The energy efficiency of a code can be improved either by shortening its runtime or by decreasing its power consumption. The POSE model can quantify the potential benefits of each approach, allowing developers to focus their efforts on whichever offers the greatest rewards.

POSE is metric agnostic and is compatible with all members of the  $Et^n$  family, the EDS and EDD metrics [34], and indeed any metric which is an element-wise monotonic function of runtime and energy consumption. The only prerequisites are that runtime and energy consumption can be accurately measured or calculated for the target platform.

#### 4.1 Model Construction

POSE models partition the energy/runtime plane into areas with different performance characteristics relative to some initial, unoptimised code.



Fig. 1. POSE Model for  $Et^n$ , EDS and EDD Metrics

## **Feasible Performance Envelope**

POSE is built around the concept of a *Feasible Performance Envelope* (FPE). This is constructed by plotting lines with gradient  $P_{\min}$  and  $P_{\max}$  as shown in Figure 1. These values represent the minimum and maximum rates of power draw possible during normal operation of the target platform. As such, the runtime and energy costs incurred by running any given code  $\theta$  under similar conditions are represented by a single point somewhere within this envelope.

The quantitative insights offered by POSE are calculated from the positions of the five vertices labelled A – E in Figure 1. Four of these vertices lie on an intersection between the FPE and one of the POSE bounds. The remaining vertex *D* lies directly below the initial code  $\theta$  on the  $P_{\min}$  energy bound at coordinates  $(t_{\theta}, P_{\min}t_{\theta})$ . This vertex corresponds to the largest possible pure power optimisation of  $\theta$ , meaning an optimisation which reduces power consumption without any change to runtime.

#### **Optimisation Bound**

POSE considers the metric used to guide optimisation in order to constrain the search space for valid optimisations within the FPE.

DEFINITION 1. For logically equivalent codes  $\theta$  and  $\lambda$ , the transformation  $\theta \rightarrow \lambda$  is a valid optimisation with respect to a cost metric M iff  $M(\lambda)$  dominates  $M(\theta)$ .

The optimisation bound passes through  $\theta$ , linking all points  $\lambda$  with the same metric value as the original code, such that  $M(\lambda) = M(\theta)$ . This bound is represented by the curve B - E in Figure 1.

Compared to  $\theta$ , all points below the optimisation bound will have strictly better performance in terms of metric *M*, and all points above it will have strictly worse performance in terms of *M*.

The equation for the optimisation bound depends on the optimisation metric used.
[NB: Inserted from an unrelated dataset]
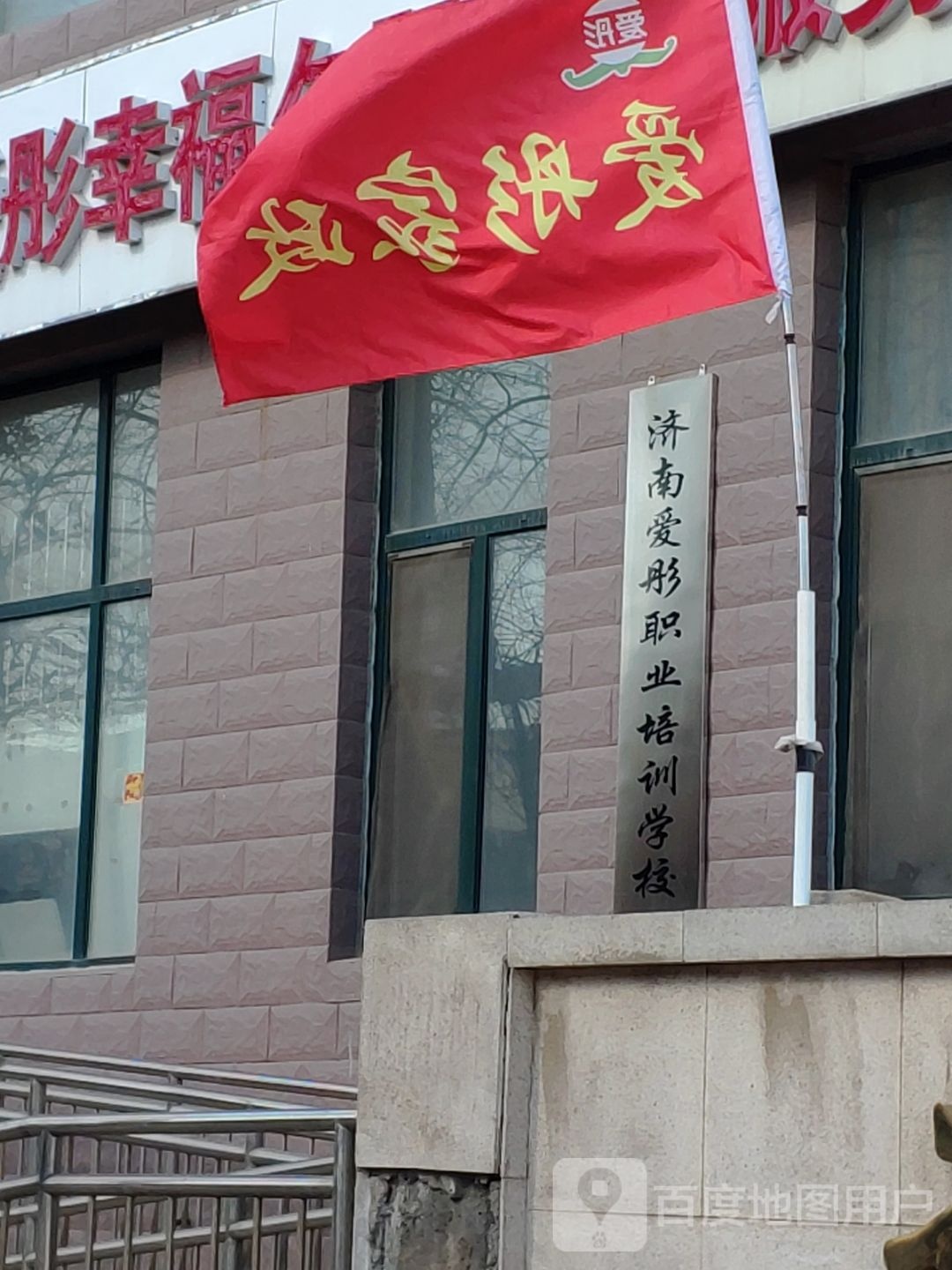 济南爱彤职业培训学校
Deriving an equation for the optimisation bound involves finding an expression for the curve which links all points  $\lambda$  with the same metric value as  $\theta$ . Equations 3, 4 and 5 give derivations for the optimisation bound using the  $Et^n$ , EDS and EDD metrics, respectively.
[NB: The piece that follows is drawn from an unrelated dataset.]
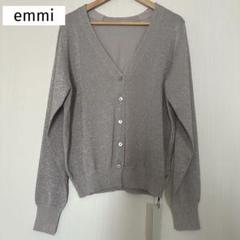 emmi シルバー/グレージュ ラメ 長袖カーディガンのサムネイル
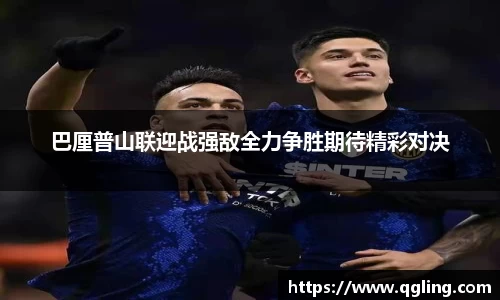 巴厘普山联迎战强敌全力争胜期待精彩对决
$$M(\lambda) = M(\theta)$$

$$E_{\lambda} t_{\lambda}^{n} = E_{\theta} t_{\theta}^{n}$$

$$E_{\lambda} = E_{\theta} \left(\frac{t_{\theta}}{t_{\lambda}}\right)^{n}$$
(3)

$$M(\lambda) = M(\theta)$$

$$\alpha E_{\lambda} + \beta t_{\lambda} = \alpha E_{\theta} + \beta t_{\theta}$$

$$\alpha E_{\lambda} = \alpha E_{\theta} + \beta t_{\theta} - \beta t_{\lambda}$$

$$E_{\lambda} = E_{\theta} + \frac{\beta}{\alpha} (t_{\theta} - t_{\lambda})$$
(4)

$$M(\lambda) = M(\theta)$$

$$\sqrt{(\alpha E_{\lambda})^{2} + (\beta t_{\lambda})^{2}} = \sqrt{(\alpha E_{\theta})^{2} + (\beta t_{\theta})^{2}}$$

$$(\alpha E_{\lambda})^{2} = (\alpha E_{\theta})^{2} + (\beta t_{\theta})^{2} - (\beta t_{\lambda})^{2}$$

$$E_{\lambda} = \sqrt{E_{\theta}^{2} + \left(\frac{\beta}{\alpha}\right)^{2} (t_{\theta}^{2} - t_{\lambda}^{2})}$$
(5)

The intersections between the optimisation bound and the FPE determine the position of vertices *B* and *E* in Figure 1. Vertex *B* represents the fastest possible code within the FPE which shares the same metric value as  $\theta$ . Any optimised version of  $\theta$  with a runtime faster than *B* is guaranteed to outperform the original unoptimised code in terms of *M*. Similarly, vertex *E* represents the slowest possible code with the same metric value as  $\theta$ . By definition, any optimised version of  $\theta$  must run faster than *E*.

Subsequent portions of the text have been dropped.